↓↓↓

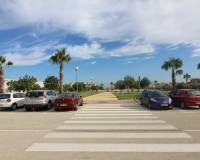 Resale - Semi - Detached Villa - Ciudad Quesada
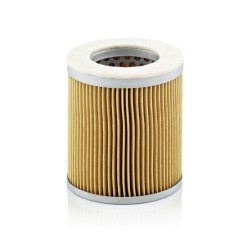 Air Filter MANN & HUMMEL C75 2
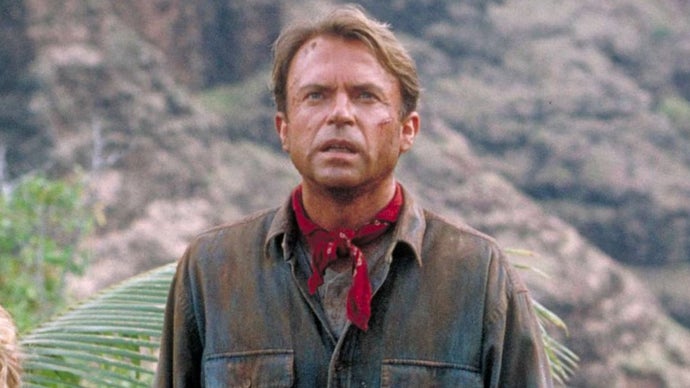 Morreu Sam Neill, o icónico Alan Grant de Jurassic Park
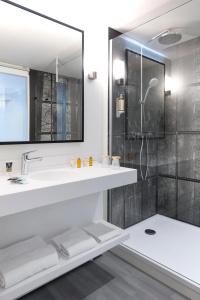 Mercure & Spa Aix-les-Bains Domaine Marlioz - 48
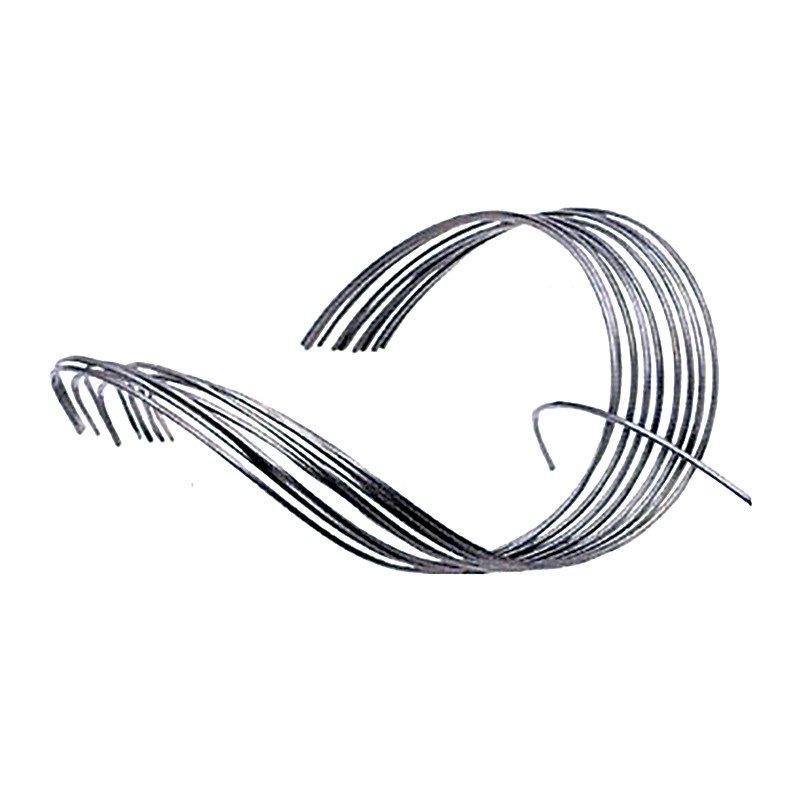 Arcs rectangulars Memòria corba spee inversa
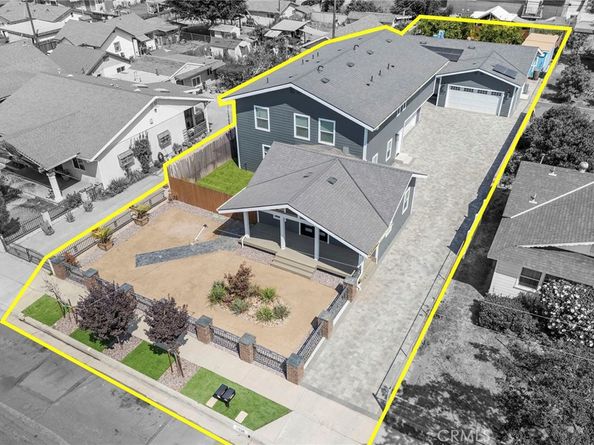 11828 S Louis Avenue, Whittier CA 90605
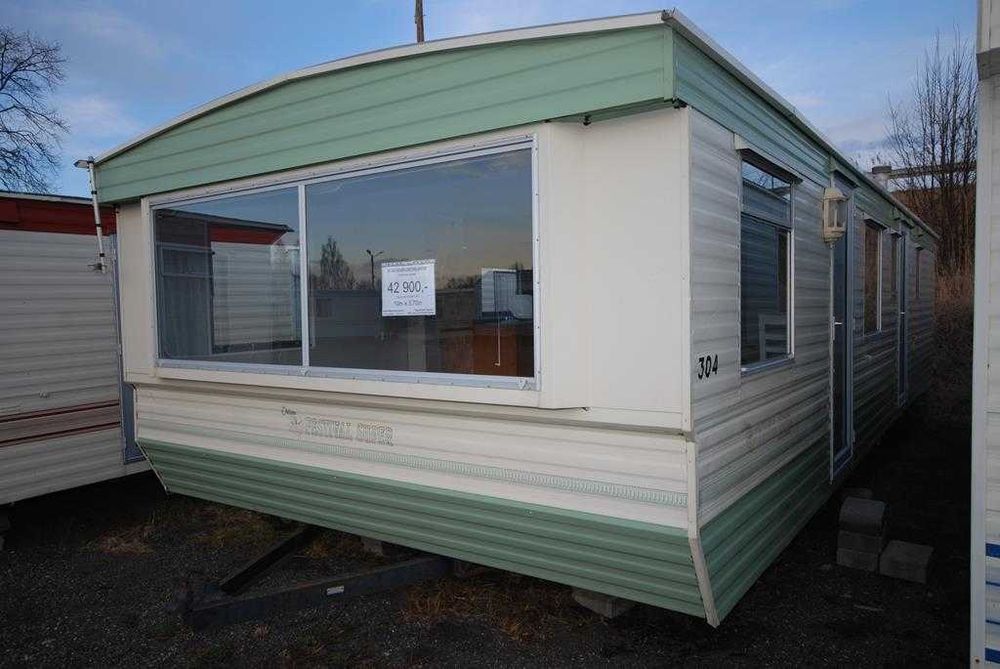 Domki Angielskie Holenderskie Transport gratis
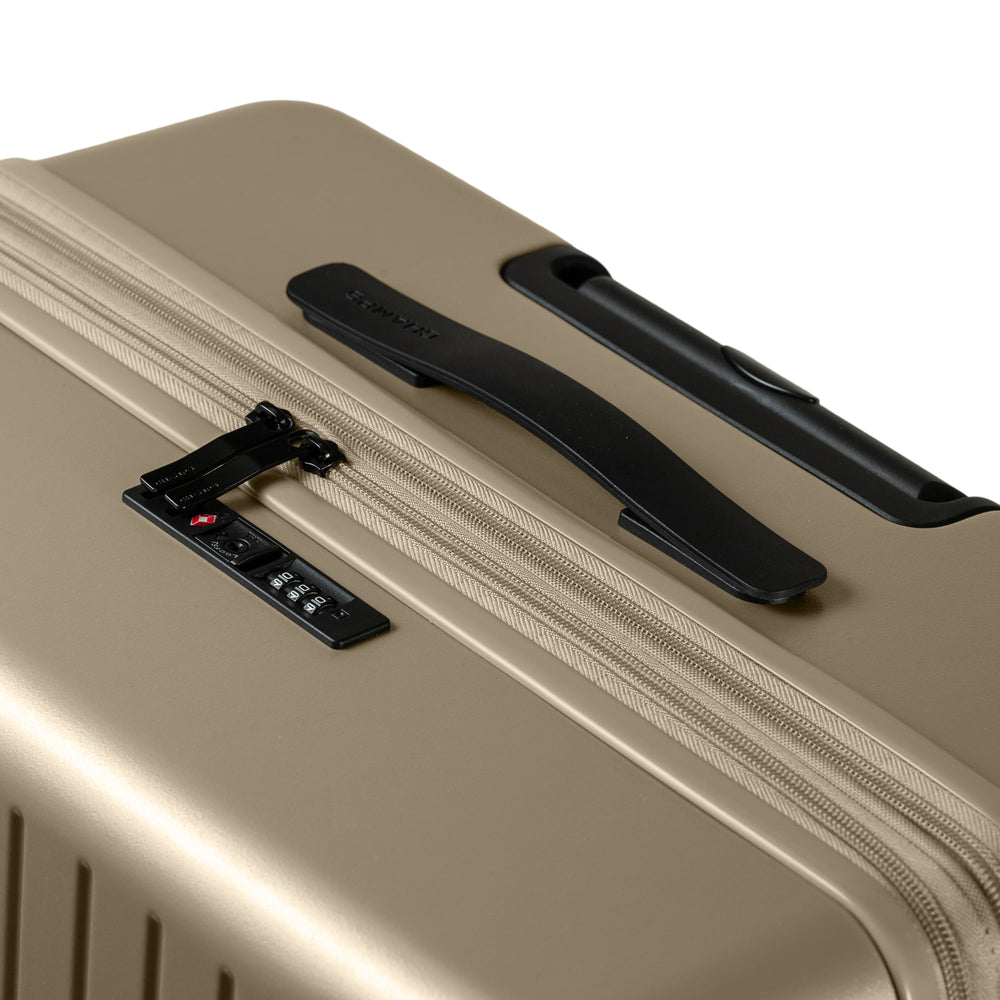 Fresh II / 3-Piece Luggage Set EX-STOCK Canada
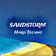 Sandstorm Hard Techno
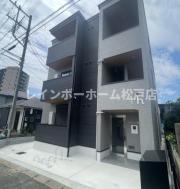 リュクスシティー鎌ヶ谷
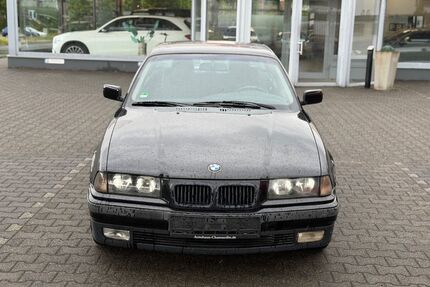 BMW 316 Gebrauchtwagen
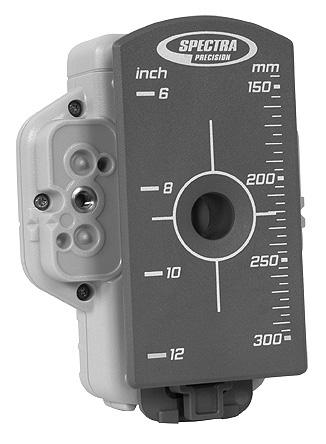 Asetustila-LED 8.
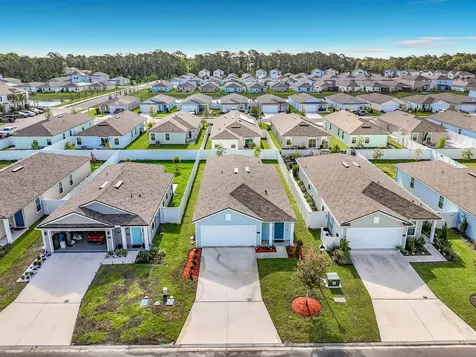 234 Chesterwood Road St Augustine FL 32084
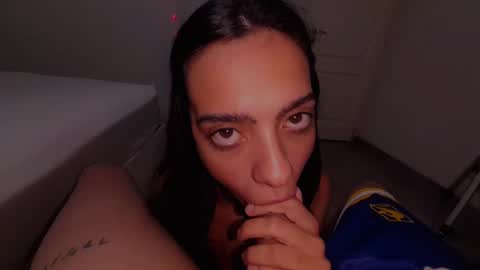 Snapshot of histrix chatting on 1, 3, 2025 Anya y Nikolay online show from 1, 3, 2025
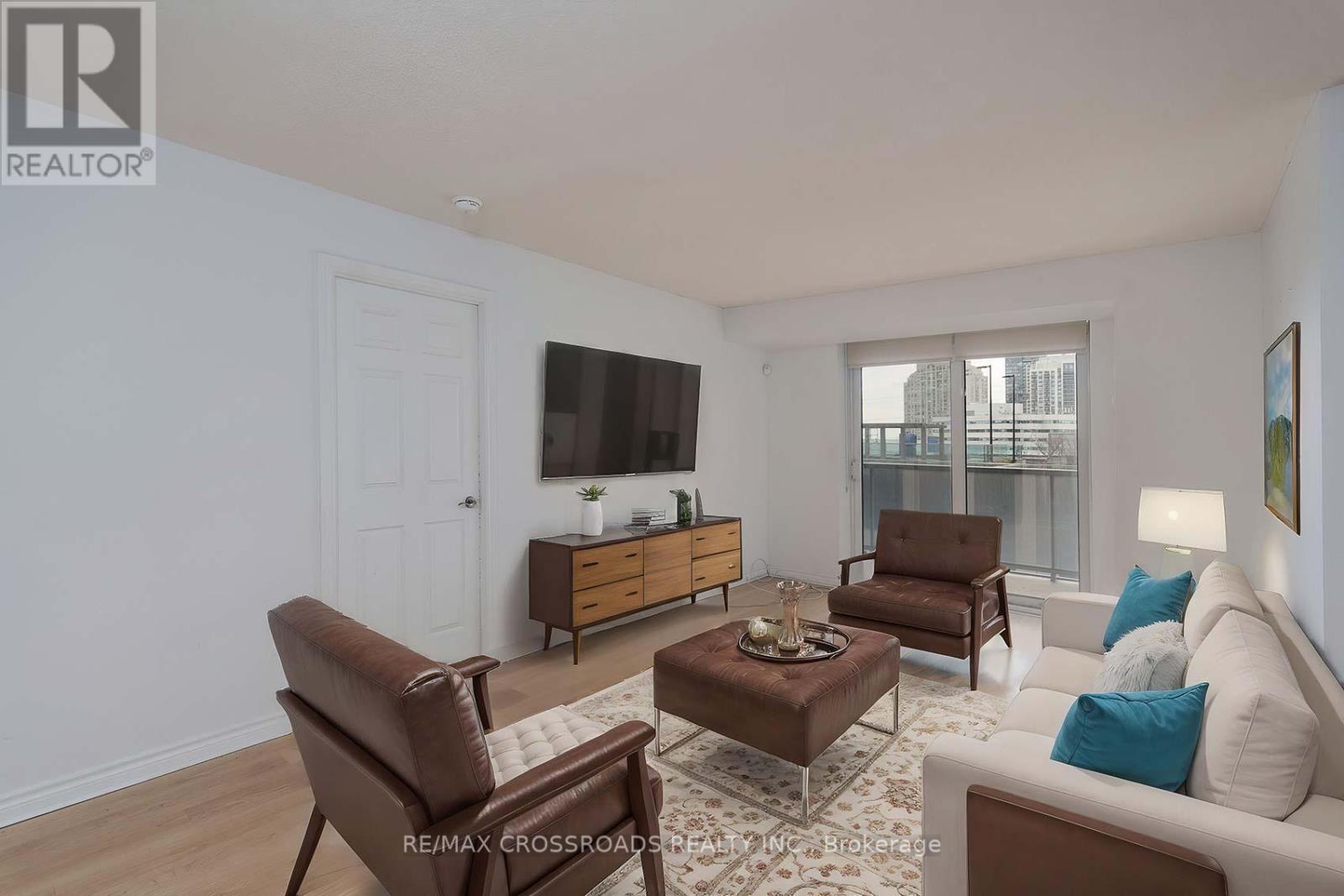 528 - 5233 Dundas Street W, Toronto, Ontario  M9B 6M1 - Photo 10 - W12104737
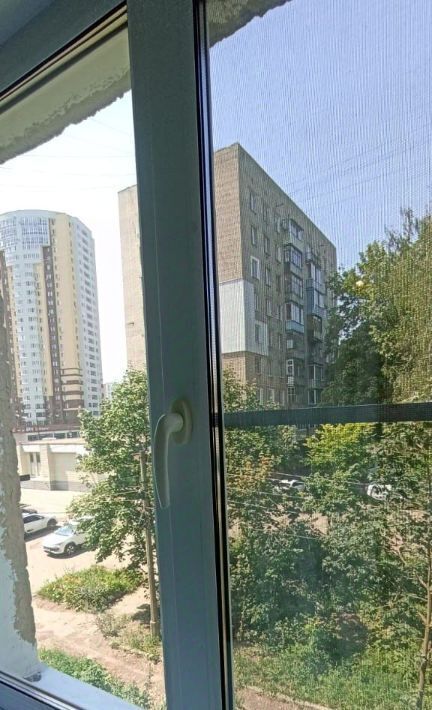 квартира г Рязань р-н Железнодорожный ул Гоголя 36 фото 11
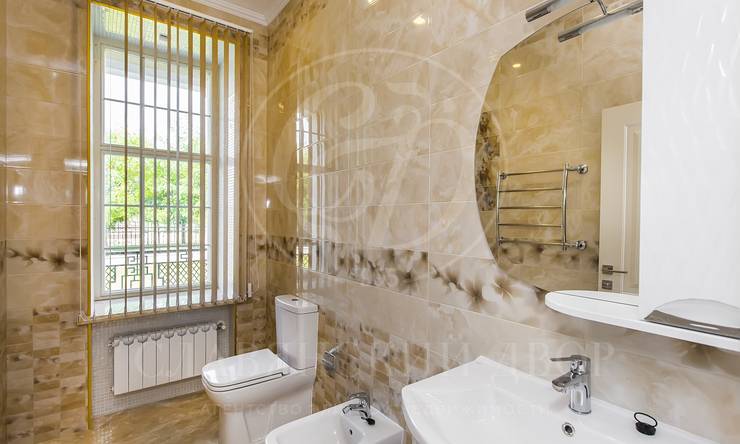 Лот-5622-142889 аренда дома Рублево-Успенское шоссе Парк Вилль (Park Ville)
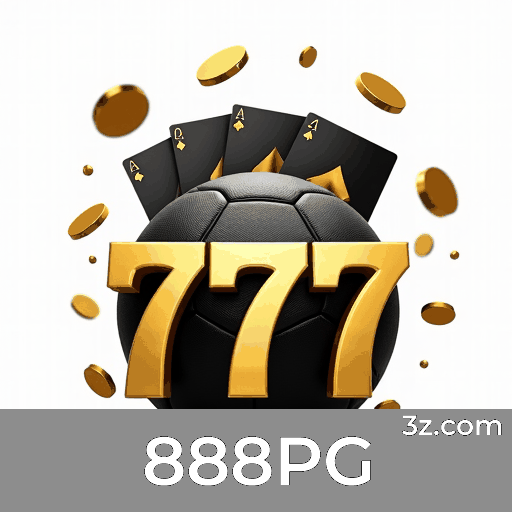 888PG Logo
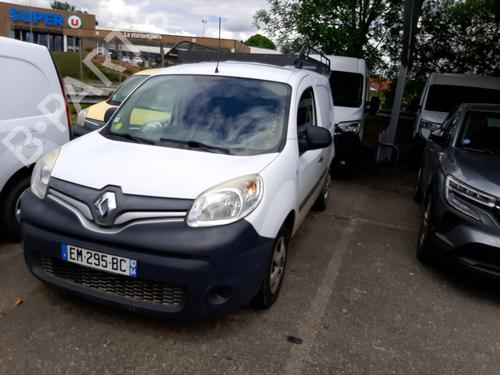 ABS pump RENAULT KANGOO Express (FW0/1_) | BP36804006M43 - Image 6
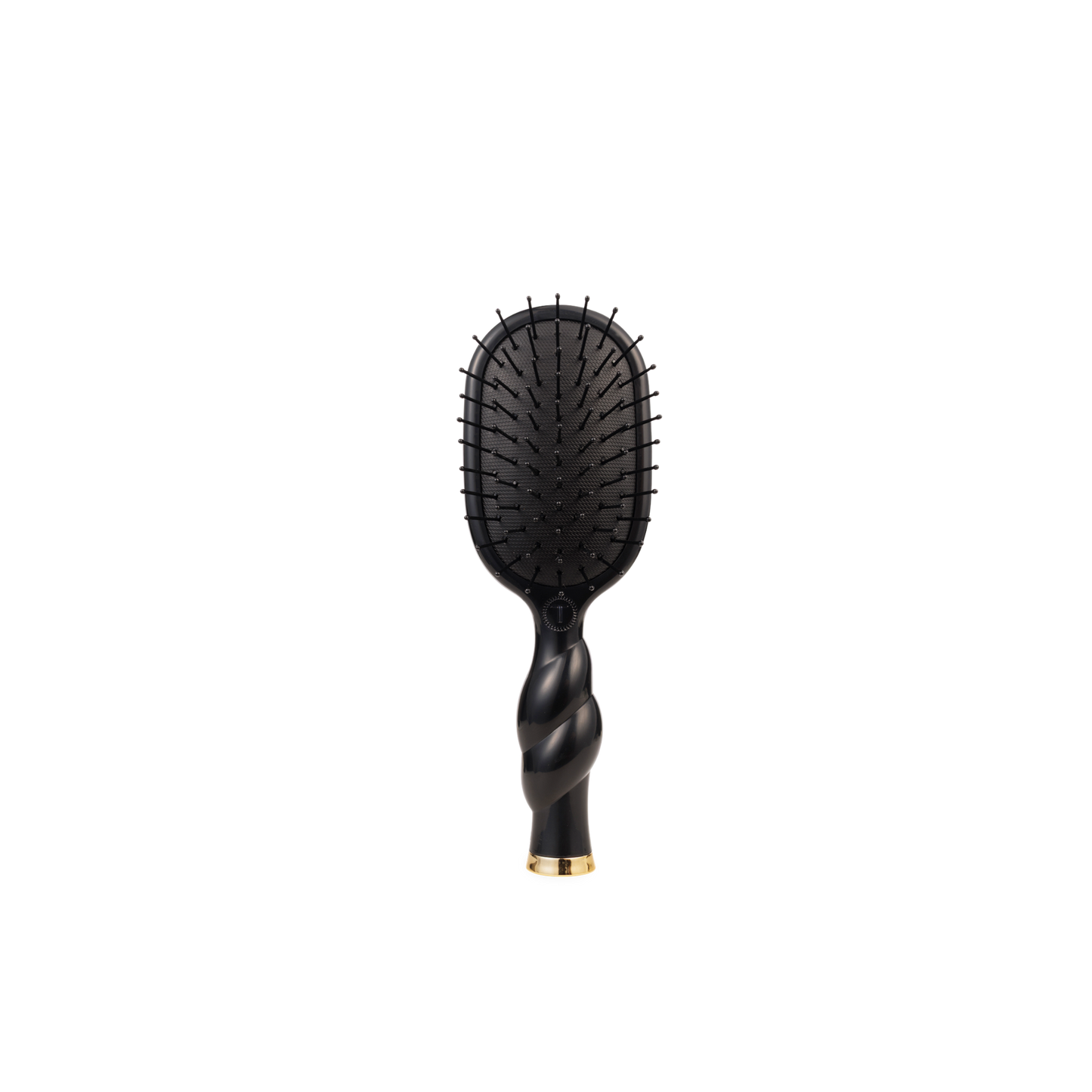 Mini Detangler Brush | Black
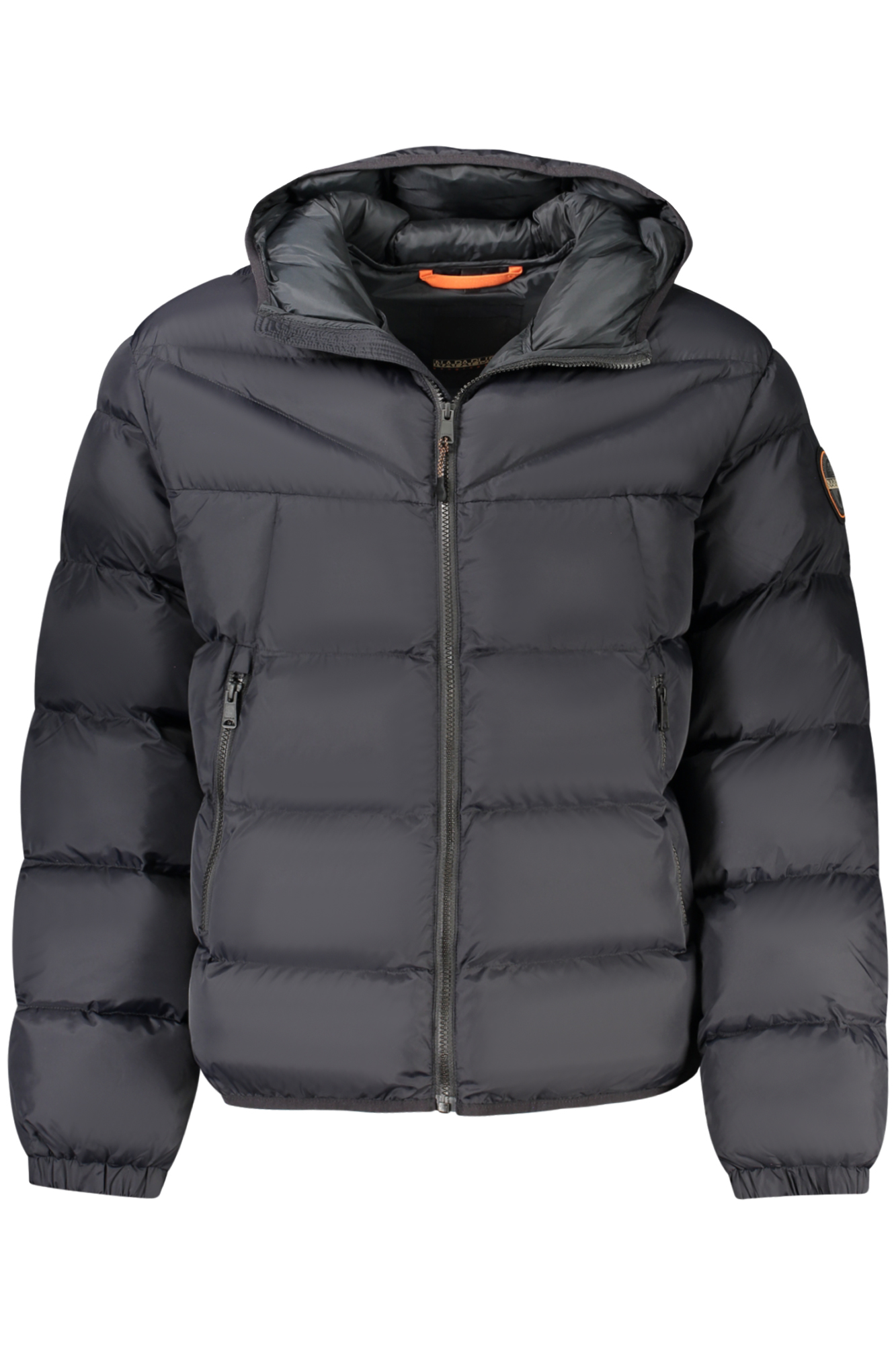 NAPAPIJRI GIUBBOTTO UOMO - Nero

↑↑↑

Work to complete — For this exercise, please set down exactly the lines of the listing above from the line with "11828 S Louis Avenue, Whittier CA 90605" up to and including the line with "234 Chesterwood Road St Augustine FL 32084", and no pictures.

The completed task —
 11828 S Louis Avenue, Whittier CA 90605
 Domki Angielskie Holenderskie Transport gratis
 Fresh II / 3-Piece Luggage Set EX-STOCK Canada
 Sandstorm Hard Techno
 リュクスシティー鎌ヶ谷
 BMW 316 Gebrauchtwagen
 Asetustila-LED 8.
 234 Chesterwood Road St Augustine FL 32084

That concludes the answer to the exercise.